Kardeşler Gary’yle sık sık hizmete çıkıyor ve artrit hastası olduğu için tekerlekli sandalyesini iterek ona destek oluyorlar. Bir birader Gary’nin bir ilgiliyle Kutsal Kitabı incelemesine yardım ediyor. Ayrıca Gary 25 yıldır faaliyetsiz olan bir Şahidi teşvik etti. Şu anda bu kişilerin ikisi de ibadetlere katılıyor.
Louise dokuz yaşındayken anneannesinden örgü örmeyi öğrenmişti. Bir hasta bakıcıyla birlikte ona nakış işlemeyi de öğrettik. Kızım bu tür el işlerini yapmaktan hâlâ zevk alıyor, bu nedenle cemaatimizdeki bebekler ve yaşlı kardeşler için rengârenk battaniyeler örüyor. Küçük resimler yapıştırarak tebrik kartları da hazırlıyor. Kardeşler bu kartlara çok değer veriyor. Louise küçükken 10 parmak klavye kullanmayı öğrendi. Şu anda bir konuşan bilgisayar yardımıyla kardeşlere düzenli olarak e-posta yazıyor. Louise 17 yaşındayken vaftiz edildi. Duyuru işiyle ilgili özel bir faaliyet yapıldığında birlikte öncü yardımcılığı yapmaktan büyük zevk alıyoruz. Gary gibi Louise de Tanrı’nın vaatlerine duyduğu imanı başkalarına açıklamak için ayetleri ezberliyor. Çocuklarımla birlikte ‘körlerin gözlerinin açılacağı’ ve ‘kimsenin “Hastayım” demeyeceği’ bir dünyayı özlemle bekliyoruz (İşa. 33:24; 35:5).

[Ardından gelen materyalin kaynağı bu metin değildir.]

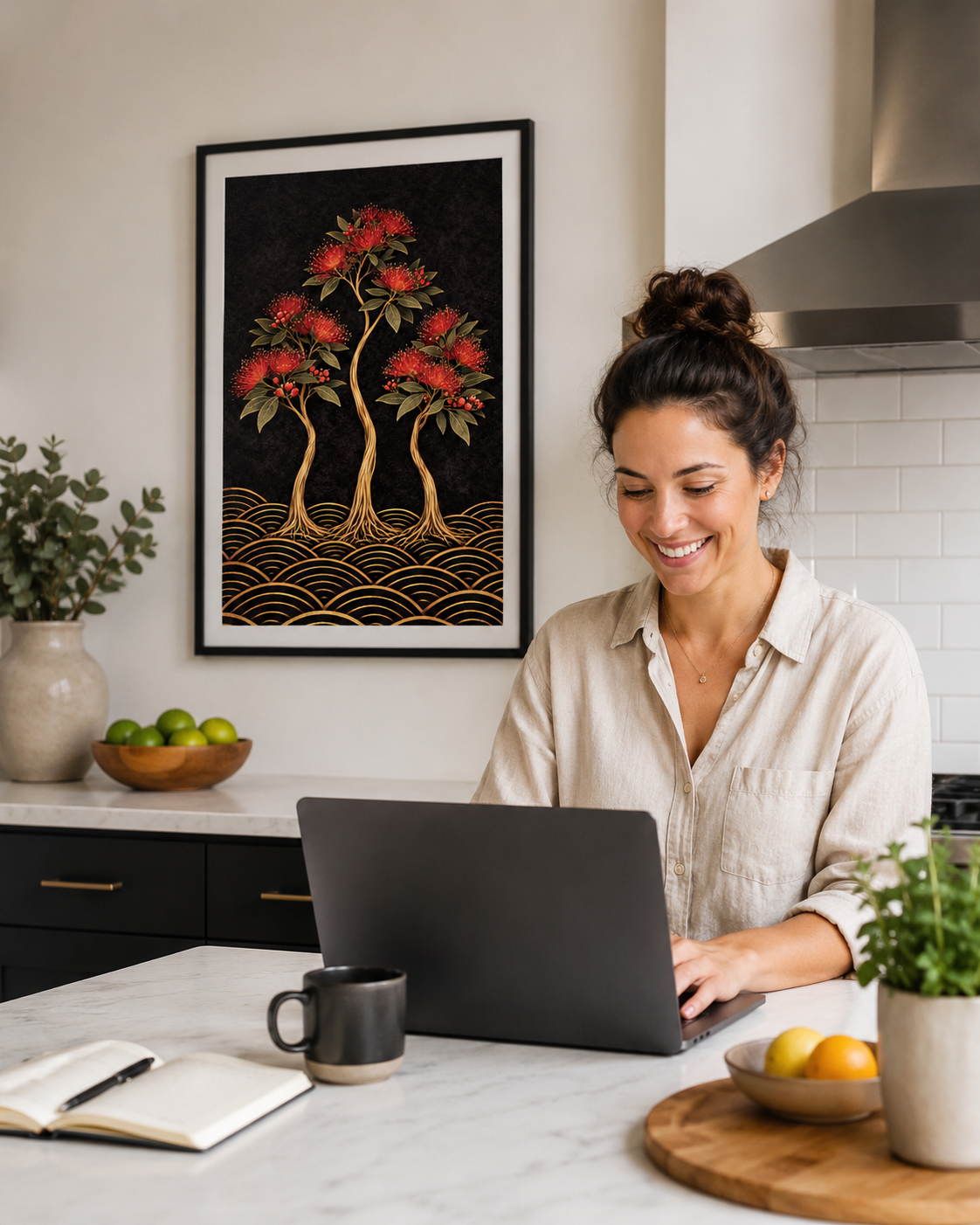 A woman in a beige linen shirt smiles while working on a laptop at a kitchen island, with a framed art print featuring stylized red flowers and gold wave patterns hanging on the wall behind her.
Bold NZ botanical giclee print — deep black, gold & crimson pōhutukawa. Inspired by original designs. 200gsm FSC paper. Ships worldwide.
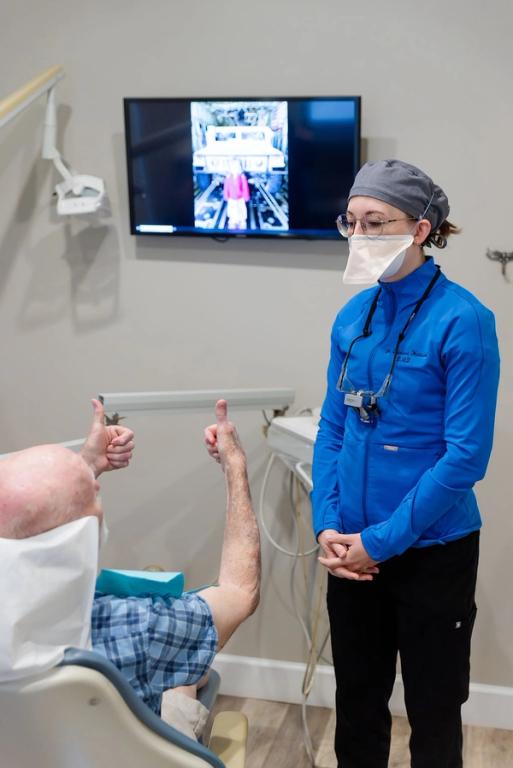 a dentist wearing a mask and a blue jacket talks to a patient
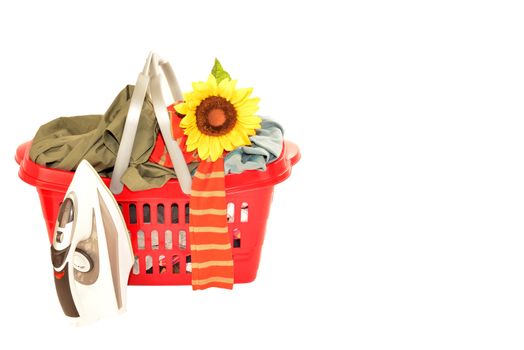 basket full of wrinkled clothes and iron isolated on white background, blank space for text
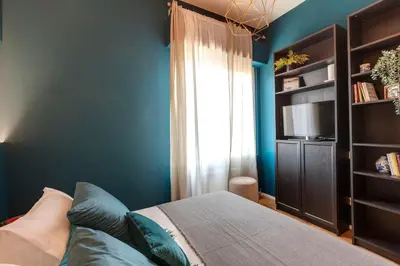 Letto o letti in una camera di Guido Monaco Apartment by Mamo Florence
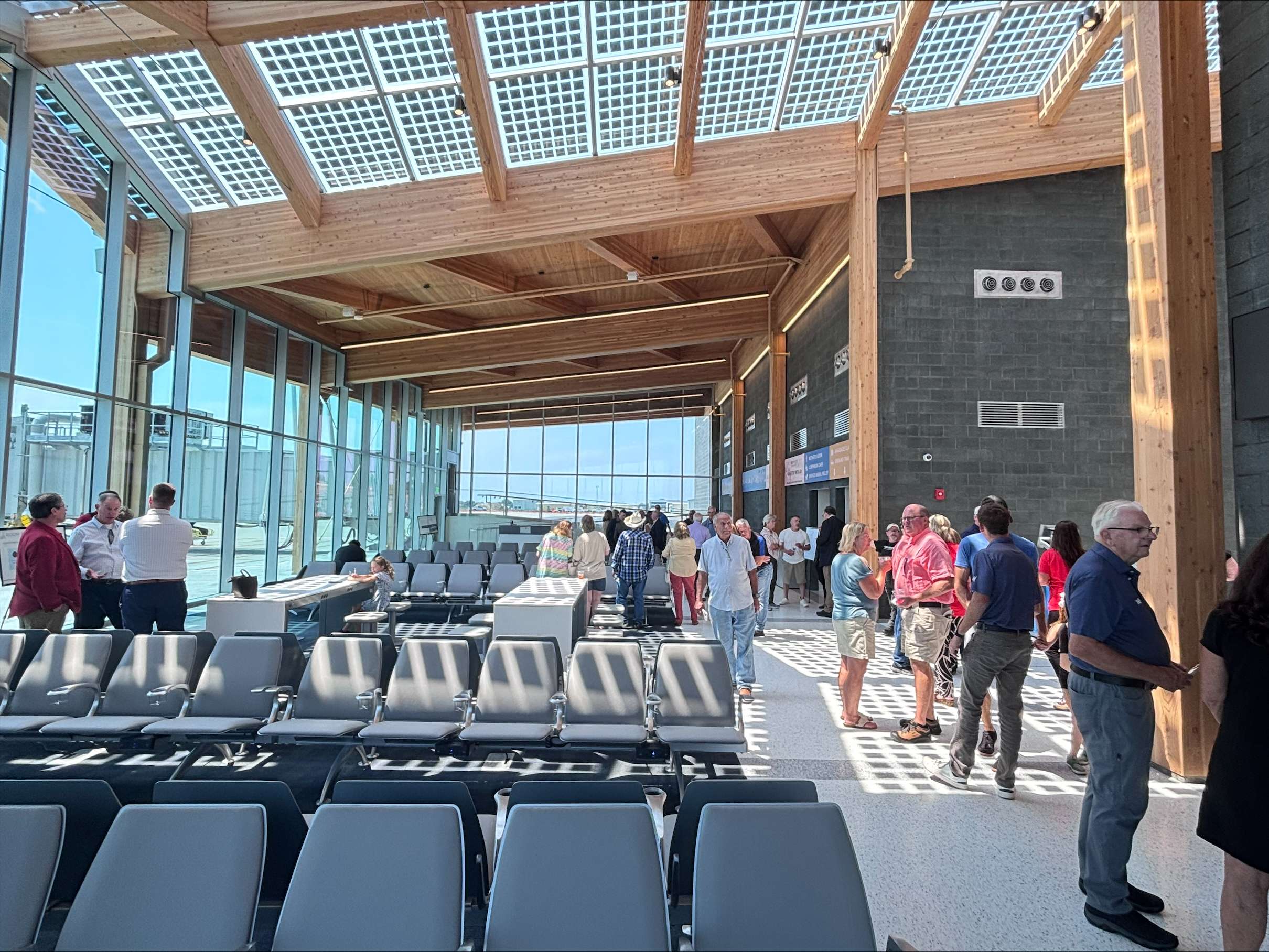 Visitors tour the new passenger terminal at North Platte Regional Airport during Monday’s grand opening. The new facility features expanded seating, large windows, natural light and a jet bridge connecting passengers directly to aircraft. (Allison Peck | The Post)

Bize Kutsal Kitap aracılığıyla bildirdiği değerli hakikatler için Yehova’ya minnettarız! Cemaatimizin sevgi dolu desteği karşısında yüreğimiz takdirle doluyor; kardeşlerin yardımı olmasaydı ruhen bu kadar faal olamazdık. Ama hepsinden önemlisi Yehova’nın yardımı sayesinde gerçekten mutlu ve anlamlı bir hayatımız var.
a Hastalığın adı Laurence-Moon-Bardet-Biedl isimlerindeki dört doktordan geliyor. Bu doktorlar LMBB’nin anne ve babadaki çekinik genlerle taşınan kalıtımsal bir bozukluk olduğunu teşhis etmiştir. Günümüzde daha çok Bardet-Biedl sendromu olarak bilinen bu hastalığın tedavisi yoktur.